The 1945 novel tells of a marine biologist in a seedy district dotted with sardine canneries in Monterey, California, who is feted by colorful neighbors in gratitude for his kindness to them. Cannery Row and its sequel, Sweet Thursday, were adapted into a movie in 1982.

===East of Eden===

Steinbeck deals with the nature of good and evil in this 1952 Salinas Valley saga. The story follows two families: the Hamiltons – based on Steinbeck's own maternal ancestry – and the Trasks, reprising stories about the biblical Adam and his progeny. His paternal ancestry is also reflected in the story. The book was published in 1952. Portions of the novel were made into a 1955 movie directed by Elia Kazan and starring James Dean.
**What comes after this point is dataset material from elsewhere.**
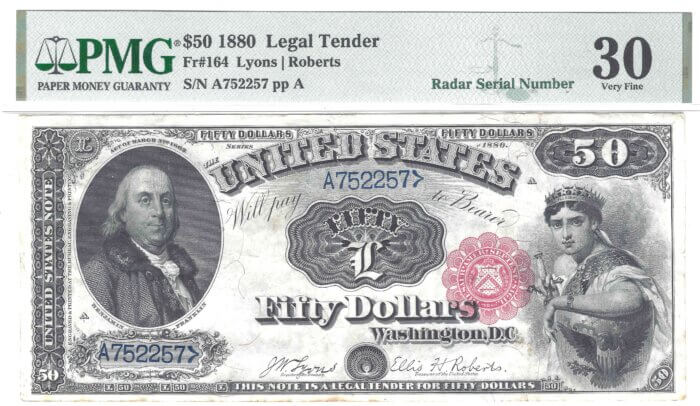 Fr. 164 $50 1880 LEGAL TENDER PMG 30 (Radar Serial Number) Discovery note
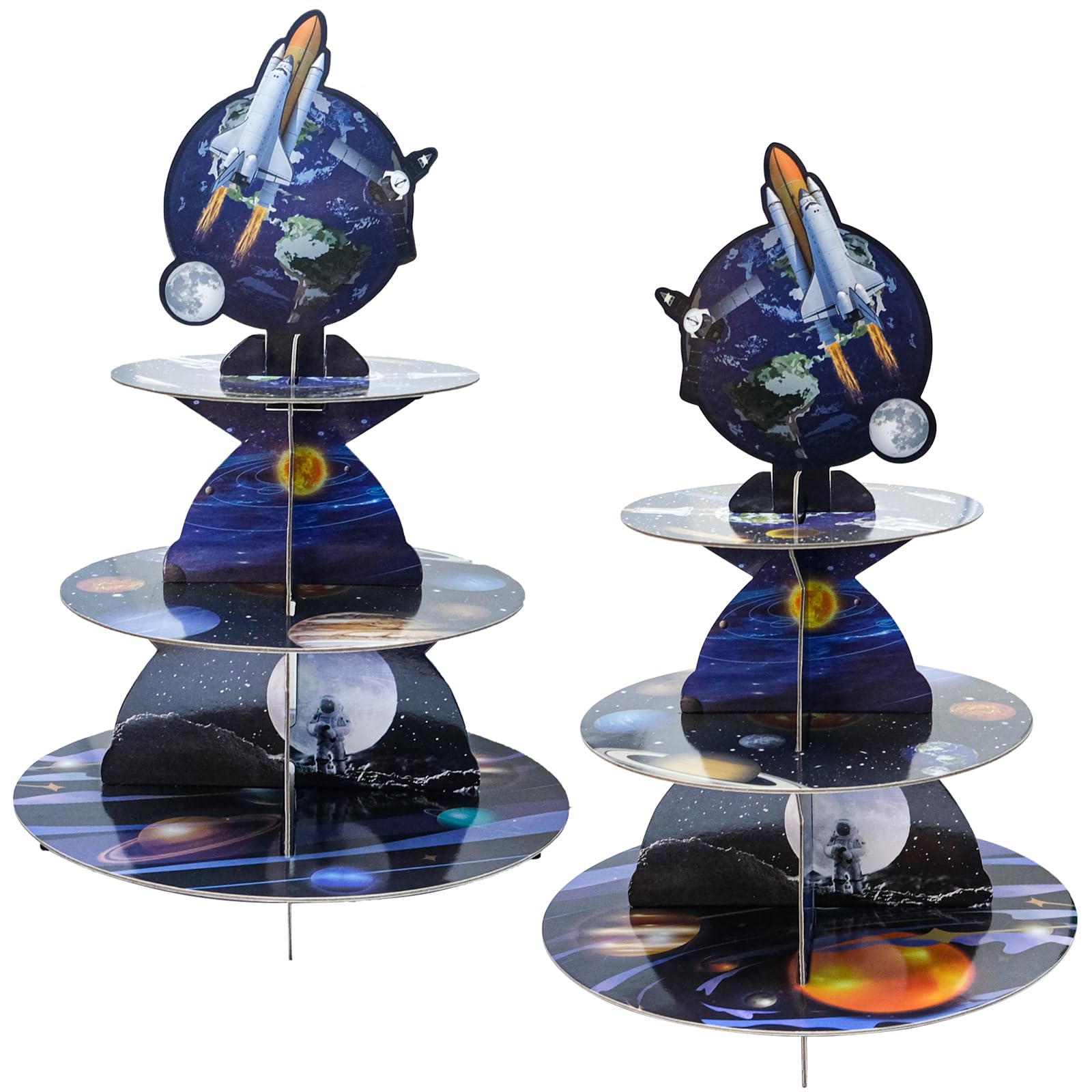 2 Pack Outer Space Cupcake Stand 3 Tier Space Rocket Cupcake Holder Dessert Tower Solar System Party Decorations Supplies for Space Theme Party Birthday Baby Shower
===Travels with Charley===

In 1960, Steinbeck bought a pickup truck and had it modified with a custom-built camper top – which was rare at the time – and drove across the United States with his faithful "blue" standard poodle, Charley. Steinbeck nicknamed his truck Rocinante after Don Quixote's "noble steed". In this sometimes comical, sometimes melancholic book, Steinbeck describes what he sees as he travels from Maine to Montana to California, and from there to Texas and Louisiana and back to his home on Long Island. However, in 2011, after his death, a reporter who had followed Travels with Charleys trail using the author's own diaries controverted the book's accuracy, casting Steinbeck's claimed reportage as largely fictionalized, allegations supported by scholars and Steinbeck's son John.

The restored camper truck is on exhibit in the National Steinbeck Center in Salinas.